Con el tiempo, hay mujeres que por alguna circunstancia quedan viudas, es el caso de las Venancia y Elena amigas de toda la vida, ambas viven en la aldea Peruti y se acompañan todas las tardes.

Por el modo de vida comunitario, los mayores no quedan solos, sino que están integrados a la familia extensa.

Otra de las bellezas que tiene este pueblo originario, es el canto y la danza, la abuela Aurelia Núñez artesana e integrante del coro, confecciona collares y pulseras con adornos de semilla, éstas tienen su significado espiritual y de unidad con el monte y con la tierra.

Una de sus ocupaciones en el día es transmitir a sus nietos y a los niños de la comunidad estos conocimientos que adquirió de chica, de su madre y abuela, como la danza, el canto y a usar las tacuaras para marcar el ritmo.

Las mujeres juegan un rol primordial para preservar las melodías tradicionales, teniendo upa a sus bebés ya empiezan a entonar estas melodías, así los niños duermen con este canto para que luego ellos participen en un coro de la comunidad.

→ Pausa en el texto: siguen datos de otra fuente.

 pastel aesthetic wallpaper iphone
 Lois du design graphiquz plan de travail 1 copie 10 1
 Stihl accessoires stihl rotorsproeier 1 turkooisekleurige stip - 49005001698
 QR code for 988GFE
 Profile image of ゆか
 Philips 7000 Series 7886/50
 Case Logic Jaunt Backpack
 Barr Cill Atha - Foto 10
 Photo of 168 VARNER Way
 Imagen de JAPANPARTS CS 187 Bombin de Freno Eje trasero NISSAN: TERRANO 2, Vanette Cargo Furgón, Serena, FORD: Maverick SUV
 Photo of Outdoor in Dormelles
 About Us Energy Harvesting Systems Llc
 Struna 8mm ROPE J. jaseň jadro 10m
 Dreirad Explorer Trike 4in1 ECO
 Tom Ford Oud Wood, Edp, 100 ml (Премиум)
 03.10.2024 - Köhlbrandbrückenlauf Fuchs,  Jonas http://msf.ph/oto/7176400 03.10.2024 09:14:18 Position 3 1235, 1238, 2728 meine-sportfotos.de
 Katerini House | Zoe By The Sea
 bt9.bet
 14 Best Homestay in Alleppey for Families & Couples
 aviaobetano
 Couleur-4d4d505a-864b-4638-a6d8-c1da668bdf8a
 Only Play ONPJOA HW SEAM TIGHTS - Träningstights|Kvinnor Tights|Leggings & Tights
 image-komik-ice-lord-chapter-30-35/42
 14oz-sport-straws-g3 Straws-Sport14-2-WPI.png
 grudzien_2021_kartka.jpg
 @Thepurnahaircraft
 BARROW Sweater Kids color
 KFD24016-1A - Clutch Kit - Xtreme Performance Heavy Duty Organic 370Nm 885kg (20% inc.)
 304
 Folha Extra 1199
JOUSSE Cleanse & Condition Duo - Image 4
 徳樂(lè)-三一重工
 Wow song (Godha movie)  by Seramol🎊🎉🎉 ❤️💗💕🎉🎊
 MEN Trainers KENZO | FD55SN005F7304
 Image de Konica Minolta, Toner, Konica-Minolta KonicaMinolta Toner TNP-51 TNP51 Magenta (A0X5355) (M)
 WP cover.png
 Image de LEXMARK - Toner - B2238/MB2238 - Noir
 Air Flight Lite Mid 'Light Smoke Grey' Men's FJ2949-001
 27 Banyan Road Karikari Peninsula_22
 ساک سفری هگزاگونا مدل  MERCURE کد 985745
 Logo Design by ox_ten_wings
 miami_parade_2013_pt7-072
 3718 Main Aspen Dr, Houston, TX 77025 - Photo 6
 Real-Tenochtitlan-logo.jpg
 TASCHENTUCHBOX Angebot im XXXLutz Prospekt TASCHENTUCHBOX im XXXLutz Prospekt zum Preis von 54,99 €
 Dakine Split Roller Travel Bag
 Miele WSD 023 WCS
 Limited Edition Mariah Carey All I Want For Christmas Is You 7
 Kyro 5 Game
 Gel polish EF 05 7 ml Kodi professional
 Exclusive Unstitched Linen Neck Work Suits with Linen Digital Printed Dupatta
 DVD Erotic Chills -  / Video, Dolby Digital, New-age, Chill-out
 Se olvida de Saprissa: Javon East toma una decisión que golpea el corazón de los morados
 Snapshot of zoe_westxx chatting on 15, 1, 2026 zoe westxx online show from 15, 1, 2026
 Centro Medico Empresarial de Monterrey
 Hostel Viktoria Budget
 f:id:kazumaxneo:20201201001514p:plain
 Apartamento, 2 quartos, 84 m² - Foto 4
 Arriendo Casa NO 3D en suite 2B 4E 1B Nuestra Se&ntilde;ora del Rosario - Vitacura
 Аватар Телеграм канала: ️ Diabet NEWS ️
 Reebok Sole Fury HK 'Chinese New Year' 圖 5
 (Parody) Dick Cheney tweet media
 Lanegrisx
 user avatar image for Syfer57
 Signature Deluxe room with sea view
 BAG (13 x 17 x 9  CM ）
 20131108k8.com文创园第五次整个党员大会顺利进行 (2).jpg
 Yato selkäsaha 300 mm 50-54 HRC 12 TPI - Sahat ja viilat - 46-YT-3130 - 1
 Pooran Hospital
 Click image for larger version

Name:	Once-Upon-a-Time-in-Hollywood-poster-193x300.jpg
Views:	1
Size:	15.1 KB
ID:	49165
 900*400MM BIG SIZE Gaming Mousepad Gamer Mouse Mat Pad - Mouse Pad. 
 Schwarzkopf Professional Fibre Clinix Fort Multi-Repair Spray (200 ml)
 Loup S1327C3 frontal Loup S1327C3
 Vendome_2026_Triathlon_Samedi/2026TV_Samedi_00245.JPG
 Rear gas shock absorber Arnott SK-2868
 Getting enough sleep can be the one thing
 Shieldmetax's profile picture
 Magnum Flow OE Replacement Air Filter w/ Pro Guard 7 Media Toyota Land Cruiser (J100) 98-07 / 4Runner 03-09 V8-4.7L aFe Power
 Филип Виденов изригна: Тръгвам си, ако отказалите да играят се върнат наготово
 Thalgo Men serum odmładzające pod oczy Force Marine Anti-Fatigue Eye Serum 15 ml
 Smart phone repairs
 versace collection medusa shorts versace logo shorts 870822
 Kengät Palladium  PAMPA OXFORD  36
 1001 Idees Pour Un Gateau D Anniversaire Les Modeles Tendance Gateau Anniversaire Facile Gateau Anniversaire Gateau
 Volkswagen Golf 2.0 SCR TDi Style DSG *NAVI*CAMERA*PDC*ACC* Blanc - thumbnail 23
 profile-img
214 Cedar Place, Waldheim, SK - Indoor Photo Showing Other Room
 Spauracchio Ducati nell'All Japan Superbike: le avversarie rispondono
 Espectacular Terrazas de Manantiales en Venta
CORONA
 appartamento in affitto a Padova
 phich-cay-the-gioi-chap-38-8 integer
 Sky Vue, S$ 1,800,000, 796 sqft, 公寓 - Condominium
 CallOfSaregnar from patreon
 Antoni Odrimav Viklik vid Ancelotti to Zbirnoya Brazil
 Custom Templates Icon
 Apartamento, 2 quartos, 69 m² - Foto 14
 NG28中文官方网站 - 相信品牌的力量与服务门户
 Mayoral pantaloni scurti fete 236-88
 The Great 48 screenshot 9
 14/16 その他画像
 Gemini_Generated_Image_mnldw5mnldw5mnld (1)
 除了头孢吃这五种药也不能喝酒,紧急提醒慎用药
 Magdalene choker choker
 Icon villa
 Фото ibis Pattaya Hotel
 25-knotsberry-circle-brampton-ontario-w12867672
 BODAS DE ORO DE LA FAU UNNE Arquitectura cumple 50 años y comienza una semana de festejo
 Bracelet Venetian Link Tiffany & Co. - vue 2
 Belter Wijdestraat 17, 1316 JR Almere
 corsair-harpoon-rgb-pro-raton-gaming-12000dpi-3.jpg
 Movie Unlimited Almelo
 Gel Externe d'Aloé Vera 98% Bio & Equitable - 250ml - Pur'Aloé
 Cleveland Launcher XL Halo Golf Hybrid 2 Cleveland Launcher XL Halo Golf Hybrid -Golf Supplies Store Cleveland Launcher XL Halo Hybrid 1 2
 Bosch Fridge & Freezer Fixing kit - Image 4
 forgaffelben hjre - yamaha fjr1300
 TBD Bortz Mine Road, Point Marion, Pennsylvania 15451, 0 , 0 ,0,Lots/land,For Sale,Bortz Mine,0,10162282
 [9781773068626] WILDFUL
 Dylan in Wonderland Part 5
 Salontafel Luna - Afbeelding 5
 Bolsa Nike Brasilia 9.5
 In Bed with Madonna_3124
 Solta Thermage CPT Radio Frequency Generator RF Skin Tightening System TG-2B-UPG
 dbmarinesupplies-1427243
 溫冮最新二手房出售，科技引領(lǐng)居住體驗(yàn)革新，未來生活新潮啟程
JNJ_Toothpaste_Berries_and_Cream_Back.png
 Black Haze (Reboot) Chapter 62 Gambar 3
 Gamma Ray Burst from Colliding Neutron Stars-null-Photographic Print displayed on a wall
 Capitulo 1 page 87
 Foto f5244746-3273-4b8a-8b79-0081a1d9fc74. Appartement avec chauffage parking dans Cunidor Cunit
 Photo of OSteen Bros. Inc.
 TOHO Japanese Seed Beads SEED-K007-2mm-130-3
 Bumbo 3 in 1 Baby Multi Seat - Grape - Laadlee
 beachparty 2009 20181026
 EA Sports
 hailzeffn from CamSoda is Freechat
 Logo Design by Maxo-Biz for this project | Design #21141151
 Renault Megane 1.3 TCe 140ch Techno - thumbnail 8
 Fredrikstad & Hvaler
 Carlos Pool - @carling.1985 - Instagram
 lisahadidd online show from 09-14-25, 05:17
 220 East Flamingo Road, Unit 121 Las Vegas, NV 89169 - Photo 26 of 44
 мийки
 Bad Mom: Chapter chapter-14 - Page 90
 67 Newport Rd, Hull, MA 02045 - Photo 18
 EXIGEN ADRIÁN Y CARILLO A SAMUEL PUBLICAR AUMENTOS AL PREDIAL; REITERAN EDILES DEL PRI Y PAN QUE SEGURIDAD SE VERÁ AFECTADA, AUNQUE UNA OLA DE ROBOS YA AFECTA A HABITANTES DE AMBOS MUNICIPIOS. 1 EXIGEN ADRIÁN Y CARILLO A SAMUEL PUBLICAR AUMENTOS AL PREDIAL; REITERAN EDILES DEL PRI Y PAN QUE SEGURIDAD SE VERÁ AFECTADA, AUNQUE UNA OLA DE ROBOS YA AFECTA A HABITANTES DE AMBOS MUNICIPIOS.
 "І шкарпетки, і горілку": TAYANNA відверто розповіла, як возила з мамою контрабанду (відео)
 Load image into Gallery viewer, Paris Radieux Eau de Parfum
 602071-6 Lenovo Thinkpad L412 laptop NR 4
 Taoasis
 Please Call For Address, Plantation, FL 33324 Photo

Con esta simple acción, la de cantar, la de tallar, confeccionar collares, reafirman su identidad, la mantienen y rescatan la cultura ancestral.

En la provincia hay 8 comunidades lideradas por mujeres. Una de las mujeres que ha llegado a ser cacique es Ruperta Morínigo, de la comunidad de Yacutinga, en Gobernador Roca.

La legislatura misionera designó que cada 5 de septiembre sea el día provincial de la mujer mbya guaraní.

* Hirsch, S 2008 Maternidad, trabajo y poder: cambios generacionales en las mujeres guaraníes del norte argentino. Mujeres indígenas en Argentina. Cuerpo, trabajo y poder, 231-251. Silvia Hirsch es especialista en comunidades indígenas de la Argentina en temas vinculados a la educación, salud, género e identidad.